The legislation follows a Washington Post investigation this year that found the city has routinely sold liens on residents’ homes to investors who often tacked on thousands of dollars in fees. When owners could not pay, the investors sometimes foreclosed on the properties, keeping all the profits. Among those who have lost homes and all their equity are poor, elderly and even mentally disabled city residents, whose difficulties began with delinquencies as small as $44.
On Wednesday, council members seemed at odds with a key part of Mayor Vincent C. Gray’s reform plan. Gray (D) and Chief Financial Officer Natwar M. Gandhi canceled this year’s tax liens on all properties that serve as primary residences and ordered a review of the pending cases.
To help delinquent taxpayers navigate the process in the future, Gray would create an ombudsman, an office to review tax liens, and require the Office of Tax and Revenue to provide greater notification to property owners of late payments and pending sales.

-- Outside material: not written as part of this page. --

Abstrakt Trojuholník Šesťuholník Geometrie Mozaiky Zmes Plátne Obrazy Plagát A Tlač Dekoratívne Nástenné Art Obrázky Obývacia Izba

But his plan would still let tax lien purchasers keep all of a home’s equity once it is foreclosed upon.
“No one is looking to take away houses here — just to get the taxes paid,” said D.C. Attorney General Irvin B. Nathan, explaining the mayor’s plan to members of the council’s finance committee. “We still have to have a significant threat to keep people in compliance. Obviously, losing your home is a significant threat.”
Council member Jack Evans, the committee chairman, said he didn’t want to weaken the law or encourage tax scofflaws, but he said the status quo was unacceptable.

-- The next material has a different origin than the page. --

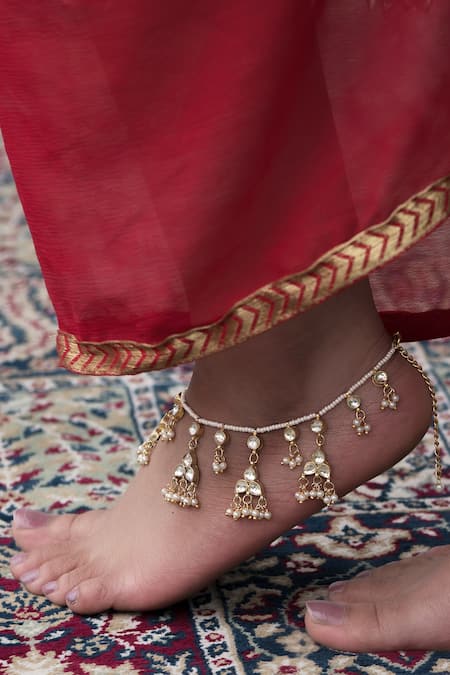 Buy_Paisley Pop_Gold Plated Pearls, Zari Kundan Embellished Anklets - Set Of 2 _Online_at_Aza_Fashions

“The way it is, it seems there’s always going to be one that falls through the cracks,” Evans said. “And even when there’s one, the cases are so dramatic.”
The plight of Bennie Coleman, a retired Marine suffering from dementia, has become the face of the issue for many council members debating a fix to the system. Coleman lost his $197,000 Northeast Washington home after a $134 late tax bill snowballed to a debt of nearly $5,000 through attorneys’ fees.

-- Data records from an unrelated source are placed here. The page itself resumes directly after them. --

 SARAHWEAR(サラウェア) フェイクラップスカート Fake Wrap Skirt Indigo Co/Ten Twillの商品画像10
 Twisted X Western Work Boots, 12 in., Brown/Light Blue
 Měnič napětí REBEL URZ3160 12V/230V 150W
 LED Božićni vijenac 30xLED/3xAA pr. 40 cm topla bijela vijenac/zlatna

Some jurisdictions do not let the process get that far. New York City, for example, does not allow tax liens to be sold on homes owned by low-income seniors, veterans or the disabled.
Evans (D-Ward 2) wrote a bill that would return equity to homeowners once a sale is complete. It would also cap attorneys’ fees on tax-sale cases at $1,500 and provide that no properties with a bill of less than $2,000 are auctioned in the first place.
The AARP on Wednesday also urged the council to let homeowners keep most of the equity in their homes, giving purchasers 10 percent of the sale.
The committee on Wednesday also pressed for answers regarding another Post report this month that found the city for years has been using a list of addresses that contained tens of thousands of inaccuracies to alert property owners when their tax bills are overdue.
The Post found the tax office had inaccurate addresses for 171 properties sold to tax lien investors in July.
Council member David Grosso (I-At Large) said the city’s warnings to residents about the sales are “worthless if our records are incorrect. . . . I want to know what happens to all of those undeliverable letters you get back from the Postal Service?
Stephen Cordi, the city’s deputy chief financial officer, said a legislative fix would be difficult. “We take this address problem seriously, but we think the way to address it is through technology,” he said.
Evans said Cordi’s office should do whatever it takes to reach the dozens of residents with tax liens canceled in July and who could still face sales next year.
“Google them . . . or hire a private investigator, if you have to. Find them,” he said.